"We’re whores… We’ll provide anything you need."


Veteran Warner Bros. Film Music Exec Goes Back to First Love With New Atlantic Album
Walking the line between musician and executive, Warner Sunset’s Gary LeMel has been able to successfully straddle two careers. On the film side, LeMel’s upcoming blockbuster slate includes the music for A.I., Harry Potter, Rock Star and Ocean’s 11. On the music tip, he’s celebrating the release of his latest album, Lost in Your Arms (Atlantic Jazz). Too bad the musician/suit couldn’t avoid the embrace of HITS’ consummate lounge lizard, Marc "My Words" Pollack, who croons, "Why not take all of me?"

What goes through your mind when you release an album?
I try not to think it’s going to be a really big seller. Those are thoughts from the old days when that was my life. Now it’s just the process of recording which is the most fun. I almost hate to turn the record over, but since we’re on such low budgets, it’s like: "Turn it over quickly so it doesn’t cost me more money." The greatest thing is positive feedback. This album, by far, has got more heat on it than any of the others. Atlantic Jazz is just doing a great job of setting it up. You know, with niche records, you can’t really rely on radio. It’s really about in-store play, primarily, and reviews. It’s in 25 major cities in Tower, Barnes & Nobles and Borders. I just got a call from a club in Holland who heard the record, loved it and asked if I could come play there at Christmas.

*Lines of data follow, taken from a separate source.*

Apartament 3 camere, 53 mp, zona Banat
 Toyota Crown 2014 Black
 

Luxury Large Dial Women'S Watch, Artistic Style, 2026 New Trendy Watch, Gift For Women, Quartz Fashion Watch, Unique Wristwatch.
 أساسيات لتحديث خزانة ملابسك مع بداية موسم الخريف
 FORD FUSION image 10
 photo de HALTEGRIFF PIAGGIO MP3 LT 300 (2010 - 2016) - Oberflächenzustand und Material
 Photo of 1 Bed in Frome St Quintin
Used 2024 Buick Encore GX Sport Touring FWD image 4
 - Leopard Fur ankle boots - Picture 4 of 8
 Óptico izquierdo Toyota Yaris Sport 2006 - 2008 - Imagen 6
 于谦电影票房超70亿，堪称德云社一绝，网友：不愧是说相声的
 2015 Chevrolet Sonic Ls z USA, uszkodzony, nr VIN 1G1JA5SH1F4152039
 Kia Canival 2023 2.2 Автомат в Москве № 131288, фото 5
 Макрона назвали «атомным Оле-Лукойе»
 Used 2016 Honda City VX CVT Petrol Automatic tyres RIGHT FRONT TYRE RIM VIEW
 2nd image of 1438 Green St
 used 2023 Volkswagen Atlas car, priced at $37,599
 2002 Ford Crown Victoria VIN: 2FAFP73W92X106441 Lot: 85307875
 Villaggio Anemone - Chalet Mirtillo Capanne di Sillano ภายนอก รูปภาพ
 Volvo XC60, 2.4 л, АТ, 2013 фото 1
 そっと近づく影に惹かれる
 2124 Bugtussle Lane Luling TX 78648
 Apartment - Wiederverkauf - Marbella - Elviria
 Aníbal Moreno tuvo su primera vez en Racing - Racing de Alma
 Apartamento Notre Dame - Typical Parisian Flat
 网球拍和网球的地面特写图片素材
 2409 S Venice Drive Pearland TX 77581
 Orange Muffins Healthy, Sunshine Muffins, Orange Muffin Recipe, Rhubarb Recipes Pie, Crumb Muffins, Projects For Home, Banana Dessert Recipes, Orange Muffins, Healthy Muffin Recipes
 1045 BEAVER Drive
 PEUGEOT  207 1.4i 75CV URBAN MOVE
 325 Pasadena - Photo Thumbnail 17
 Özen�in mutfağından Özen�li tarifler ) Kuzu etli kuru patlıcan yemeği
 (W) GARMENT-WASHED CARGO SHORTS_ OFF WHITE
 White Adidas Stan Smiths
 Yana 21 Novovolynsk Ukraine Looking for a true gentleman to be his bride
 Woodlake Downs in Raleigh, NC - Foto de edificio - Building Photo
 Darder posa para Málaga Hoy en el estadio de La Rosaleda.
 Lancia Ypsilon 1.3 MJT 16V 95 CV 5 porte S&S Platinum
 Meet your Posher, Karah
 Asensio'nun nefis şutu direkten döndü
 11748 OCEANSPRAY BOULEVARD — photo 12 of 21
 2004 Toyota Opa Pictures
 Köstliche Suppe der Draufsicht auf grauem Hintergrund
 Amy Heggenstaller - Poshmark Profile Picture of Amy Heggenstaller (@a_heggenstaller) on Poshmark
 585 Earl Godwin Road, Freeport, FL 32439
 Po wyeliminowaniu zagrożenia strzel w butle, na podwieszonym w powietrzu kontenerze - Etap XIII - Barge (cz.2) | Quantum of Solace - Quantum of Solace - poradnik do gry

You just put out A.I., which is mostly score.
When Steven Speilberg saw it against the film, he rightfully felt that, when it’s over, everybody has different feelings. So to tell them how to think with a lyric is not right. I totally agree. There are two tracks on the album from Lara Fabian, who’s amazing. It’s primarily John Williams’ score, but I think it will sell a lot of records.

When you are working with Spielberg and Williams, how much input do you actually have?
Well, they’ve done their homework and they know what they want. The role we play is facilitating the orchestra. For example, John wanted to use a 100-piece choir on top of a 100-piece orchestra. Plus, he wanted to do it live. We found that Royce Hall can handle something that size. We did it at there with mobile equipment and it was amazing. Also, the band Ministry is in the film. They are a Warner Bros. act, so the label will be putting out a "Best Of" album, and the song from A.I. will be attached.

When you’re not working with artists of that level, do you find yourself calling more of the shots?
There’s only one Spielberg and there’s only one Williams. We’re fortunate enough to work with them. In any given year, we do 30-some films and out of that, there are five, maybe, that are quality films by quality directors. Those make my job easier. Our role changes over the course of a project. On some, we’re just gatekeepers and, on others, we do everything. We’re whores… we’ll provide anything you need.

What else do you have coming up?
Another situation like A.I. is Harry Potter. John Williams is the composer again and Chris Columbus is the director. The movie is incredible. It has so much to live up to with the popularity of the books. We have given J.K. Rowling, the woman who wrote the books, the ability to voice her opinion, even though legally she doesn’t have final say on anything. We felt that nobody knows this subject better, and we didn’t want to do something that would offend her core following. So, we have given her, basically, the last say on everything, from merchandising to music to the movie itself. She made it quite obvious from the go that she did not want any songs in the film, feeling that would cheapen it, and we all agreed. From now on, when you see Harry Potter, you’ll think of the score, much in the same way you do with Star Wars and Jaws. John’s put a signature theme on this movie so I think we’ll sell a lot of records just based on those melodies. It’s the first time we’ve had two Williams scores back-to-back.

There’s also Osmosis Jones, a live-action and animation movie with the voices of Chris Rock and Brandy. It’s adventurous and really funny. The whole movie takes place inside Bill Murray’s body. The lead-off single is by St. Lunatics. And then there’s Rock Star, the Mark Wahlberg film. We have Ocean’s 11, too. It’s really exciting because Steven Soderbergh is such a genius and so great to work with. It’s a terrific film and he wrote a bulletproof script. These huge actors are doing this movie for almost nothing, from Brad Pitt to George Clooney to Julia Roberts to Ben Affleck. We hired the Irish DJ David Holmes, who also did Soderbergh’s "Out of Sight," so I know the music will be spectacular.

Can you work outside of the Warner studio?
We can’t do anything outside the company. We have our own label, Warner Sunset, where product is released through one of the Warner Music Group labels. We give everybody within WMG a shot at the soundtrack. Sometimes all three labels pass and we have to go outside, but I don’t like to do that. My first job is to protect the movie and my second responsibility is to the company.